Victorians on Broadway:
Literature, Adaptation, and the Modern American Musical
Sharon Aronofsky Weltman
Victorians on Broadway is a wide-ranging interdisciplinary study of live stage musicals from the mid- to late-twentieth century adapted from British literature written between 1837 and 1886. Investigating musical dramatizations of works by Charles Dickens, Charlotte Brontë, Christina Rossetti, Robert Louis Stevenson, and others, this book considers what cultural and interpretive work adaptations such as One Touch of Venus (1943), The King and I (1951), Oliver! (1960), Sweeney Todd (1979), The Mystery of Edwin Drood (1985), Goblin Market (1985), Jekyll and Hyde (1997), and Jane Eyre: The Musical (2000) accomplish when they premiered on Broadway and now; likewise, it interprets Victorian literature and culture through the Broadway musical, focusing on the reciprocal illumination of both source text and adaptation. Each chapter considers the adapters’ choices in understanding the originals, using unpublished archival materials and personal interviews with actors such as Rowan Atkinson and composer-lyricists such as Stephen Sondheim.
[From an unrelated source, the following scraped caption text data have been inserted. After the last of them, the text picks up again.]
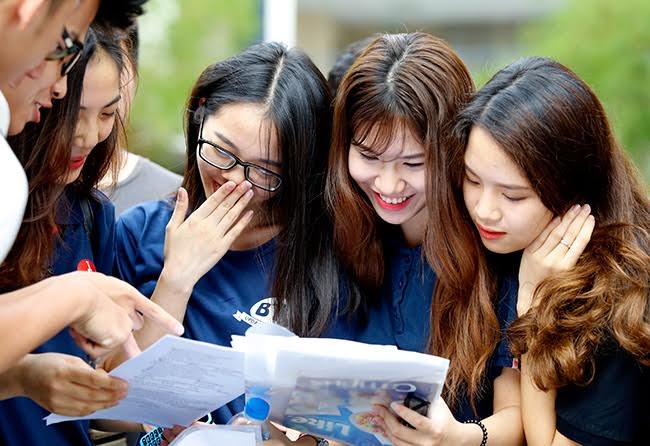 Vẻ hồn nhiên trong sáng của các nữ sinh dự thi THPT Quốc gia 2017 - ảnh 11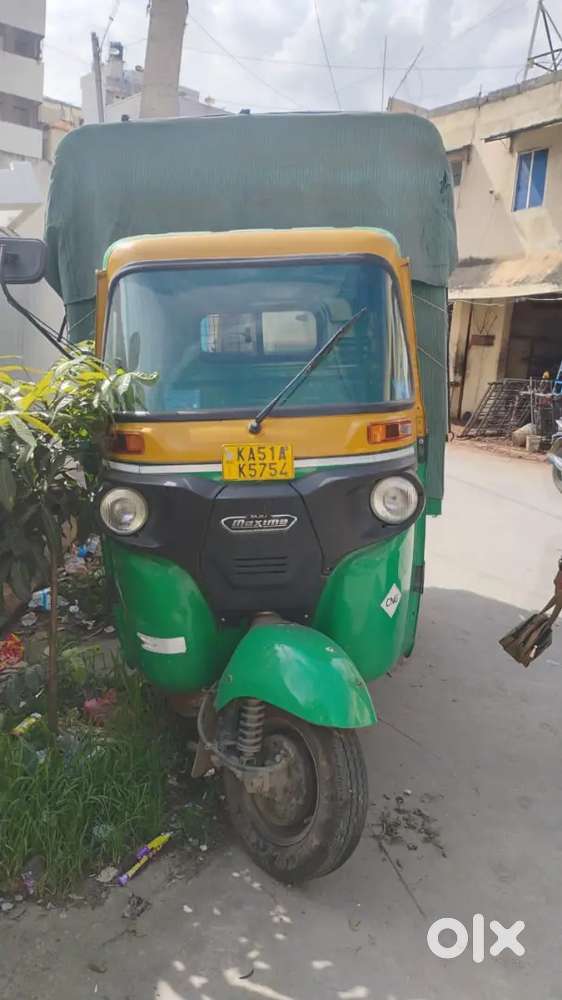 3 wheeler goods auto CNG.. Daily basic Rent..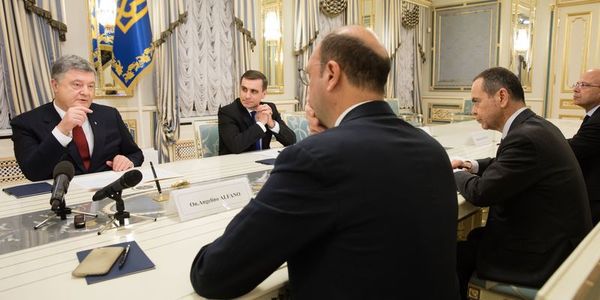 Порошенко обговорив з головою ОБСЄ ситуацію на Донбасі. Порошенко і Альфано обговорили пріоритетні питання українсько-італійського взаємодії та ситуацію на Донбасі.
Examining not only these musicals but also their rich genealogy of prior adaptations (to the melodrama stage and to early film and intermediary cinematic or television versions) demonstrates the complexity of their heritage while revealing how fully for Broadway, “Victorian” often means “Dickensian” even when the source text is not Dickens.
Sharon Aronofsky Weltman, William E. Davis Alumni Professor of English at Louisiana State University, is author of Performing the Victorian: John Ruskin and Identity in Theater, Science, and Education, among other works.